An example of the Genbank to RDF/XML transform is shown bellow. A small section of the Genbank XML format from the file SERPINC1 is used as the input file:
<?xml version="1.0"?> <!DOCTYPE GBSet PUBLIC "-//NCBI//NCBI GBSeq/EN" "http://www.ncbi.nlm.nih.gov/dtd/NCBI_GBSeq.dtd"> <GBSet> <GBSeq> <GBSeq_create-date>18-JAN-1993</GBSeq_create-date> <GBSeq_definition>H.sapiens gene for antithrombin III</GBSeq_definition> <GBSeq_primary-accession>X68793</GBSeq_primary-accession> <GBSeq_accession-version>X68793.1</GBSeq_accession-version> <GBSeq_other-seqids> <GBSeqid>emb|X68793.1|HSAT3</GBSeqid> <GBSeqid>gi|28906</GBSeqid> </GBSeq_other-seqids> ... </GBSeq> </GBSet>
The file is transformed to RDF/XML metadata:
<?xml version="1.0"?> <rdf:RDF xmlns:rdf="http://www.w3.org/1999/02/22-rdf-syntax-ns#" xmlns:rdfs="http://www.w3.org/2000/01/rdf-schema#" xmlns:dc="http://purl.org/dc/elements/1.1/" xmlns:gb="http://www.ncbi.nlm.nih.gov/"> <rdf:Description rdf:about=""> <dc:format rdf:resource="http://formats.bioid.info/genbank"/> <dc:creator>NCBI - GenBank Database</dc:creator> <dc:publisher>National Center for Biotechnology Information</dc:publisher> <dc:description>H.sapiens gene for antithrombin III</dc:description> <rdfs:seeAlso>emb|X68793.1|HSAT3</rdfs:seeAlso> <rdfs:seeAlso>gi|28906</rdfs:seeAlso> <dc:hasVersion>X68793.1</dc:hasVersion> <dc:created>18-JAN-1993</dc:created> <dc:source>Homo sapiens (human)</dc:source> <gb:accession>X68793</gb:accession> </rdf:Description> </rdf:RDF>
The main intent of this transformation was to show that metadata can easily be extracted from existing file formats. This approach can be used to create local stores of metadata about Genbank files. While the mapping was relatively straight forward a few issues were encountered.
The RDF specification requires that the rdf:about attribute be a URI reference. Currently there is no widely accepted specification for minting new URIs for the life sciences. The life sciences identifier proposal (LSID) is one solution to this problem, but is not in keeping with the current web architecture draft.
The Dublin core metadata terms were used as the basis for mapping the Genbank data. This mapping needs to be made normative, for example for dc:creator what is the “entity primarily responsible for making the content of the resource.” in the case of a Genbank file ?
Only a small portion of the Genbank file was dumped as RDF/XML. It would be relatively ease to map the entire contents of the file. Would this be desirable ?

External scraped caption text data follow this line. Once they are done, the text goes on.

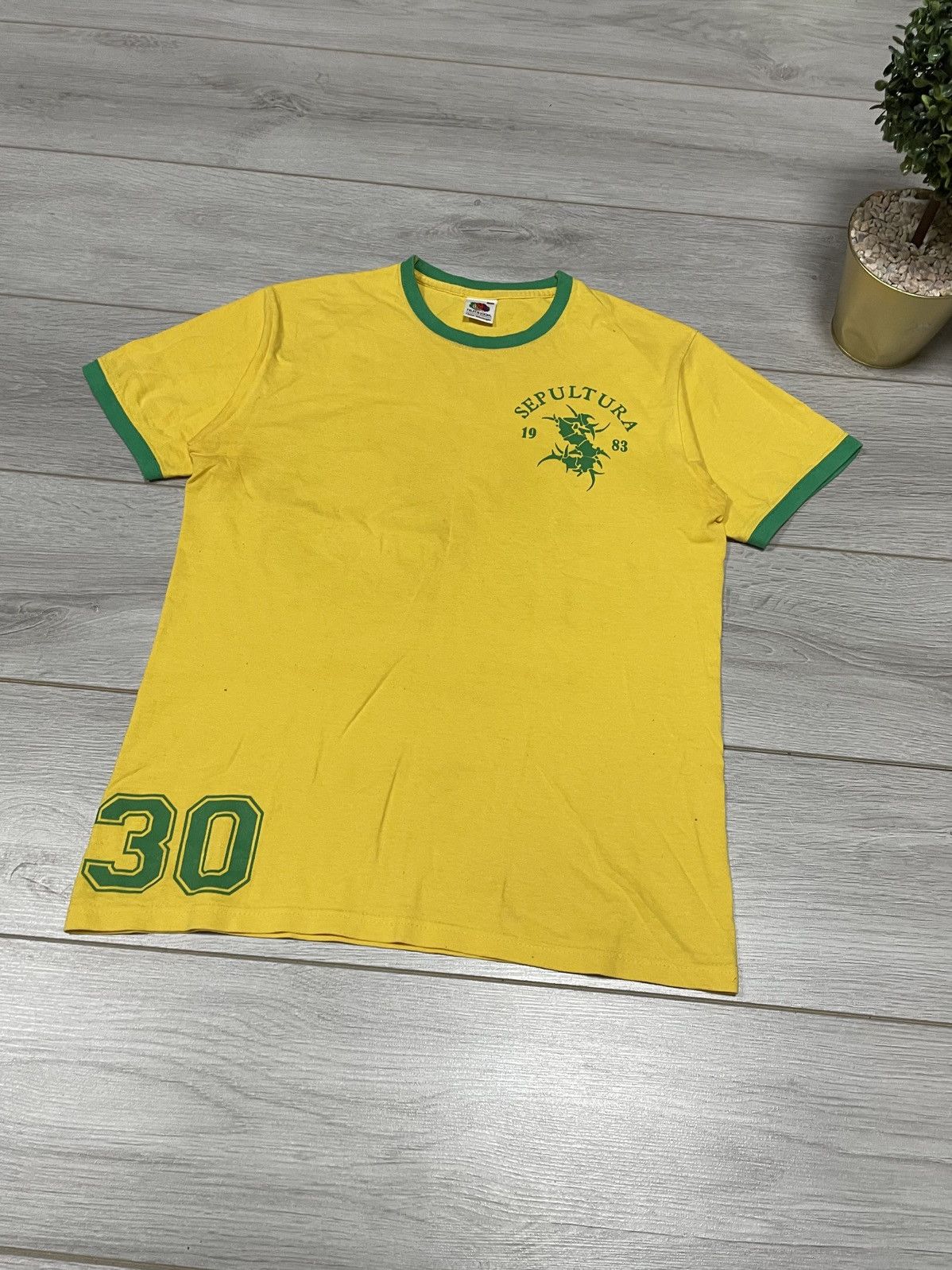 Band Tees Sepultura Brasil t-shirt big print Size US M / EU 48-50 / 2 - 4 Thumbnail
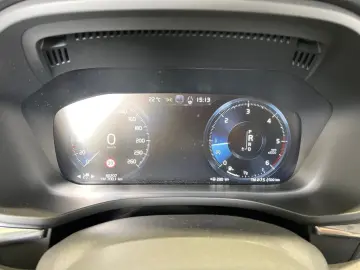 XC 60 D4 2WD Momentum Pro 360  AHK ACC BLIS LED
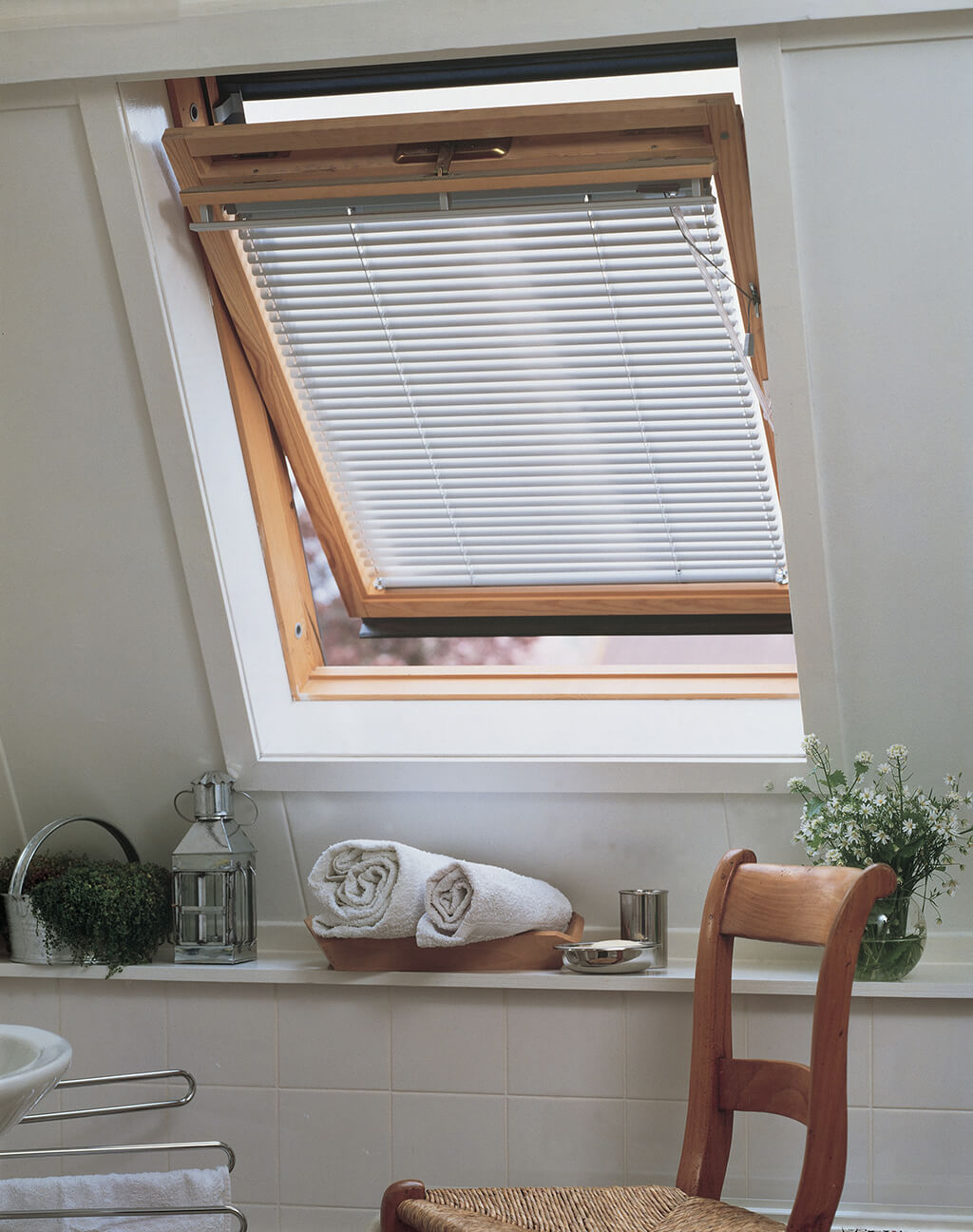 Elegante Alu-Jalousie in silber für Ihr Dachfenster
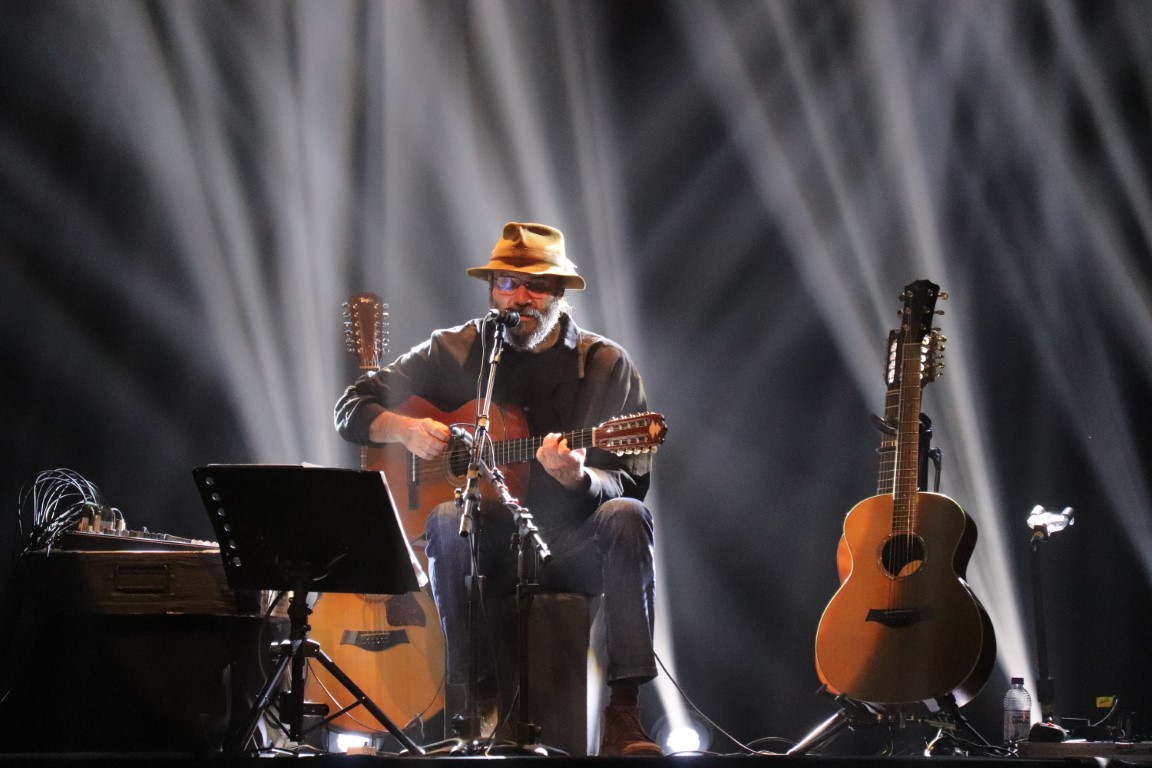 Show de Almir Sater na Faccat encanta fãs de Taquara e região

Some questions: is the actual sequence data metadata ? Is there a suitable RDF vocabulary for citation data ?
In the case of dc:publisher should the object of the predicate be a literal or a resource. If the answer is resource, does the URI “http://www.ncbi.nlm.nih.gov/” represent the NCBI or the NCBI's homepage ?
The stylesheet genbank2rdf.xsl is available for download.
The following Genbank file can be used as a source file x68793-gb.xml.